_TASK MATERIAL_:
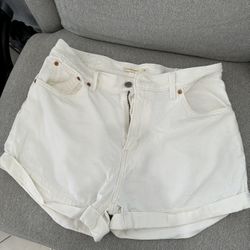 Women’s Levis Denim White Shorts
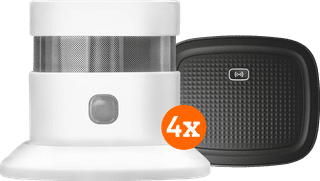 KlikAanKlikUit Smoke Detector ZSDR-850 (3 years) 4-Pack + Smart Bridge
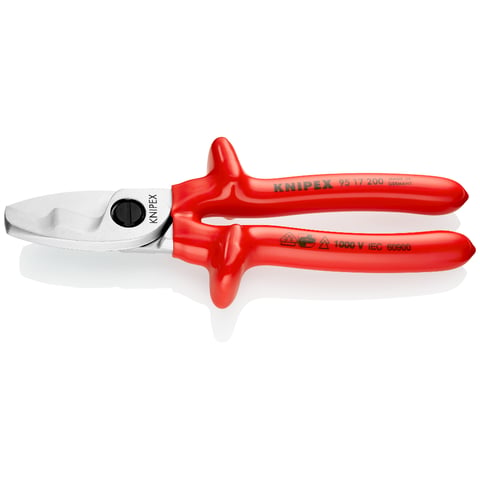 ケン Cable Shears With twin cutting edge | KNIPEX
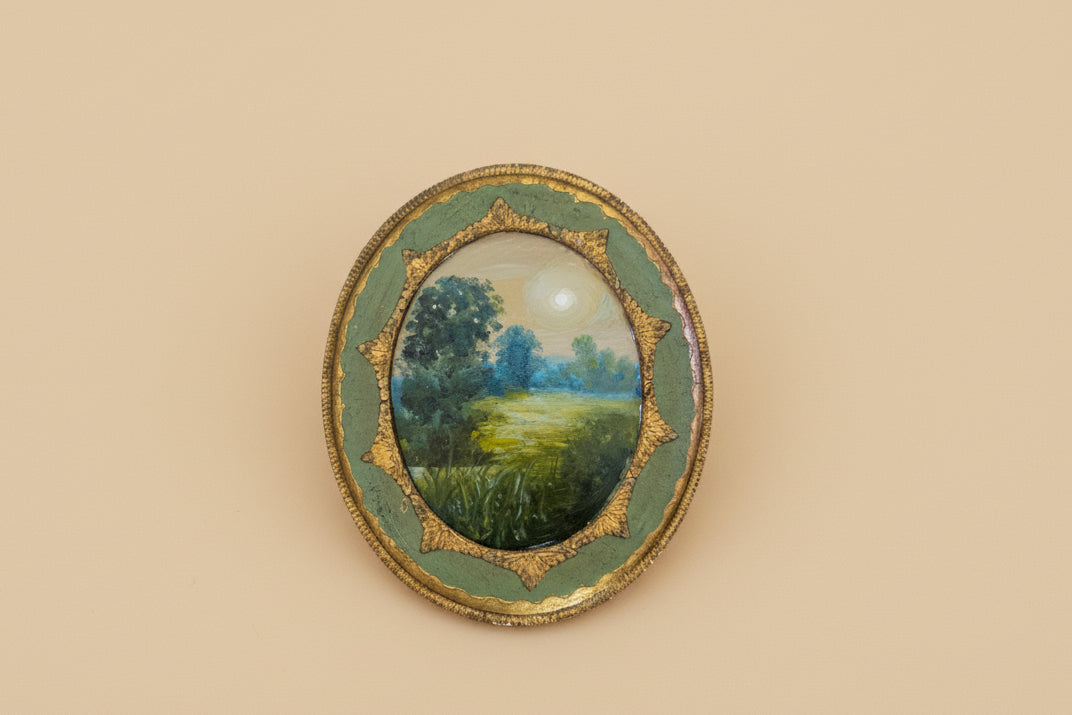 April Bloom collection | 26 — 5.5 X 4” — Oil On Plaque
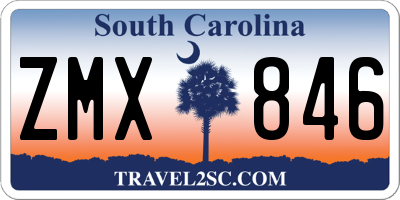 SC license plate ZMX846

_EXERCISE INSTRUCTIONS_: Could you copy every record exactly, without the pictures?

_RESULT OF THIS EXERCISE_:
 Women’s Levis Denim White Shorts
 KlikAanKlikUit Smoke Detector ZSDR-850 (3 years) 4-Pack + Smart Bridge
 ケン Cable Shears With twin cutting edge | KNIPEX
 April Bloom collection | 26 — 5.5 X 4” — Oil On Plaque
 SC license plate ZMX846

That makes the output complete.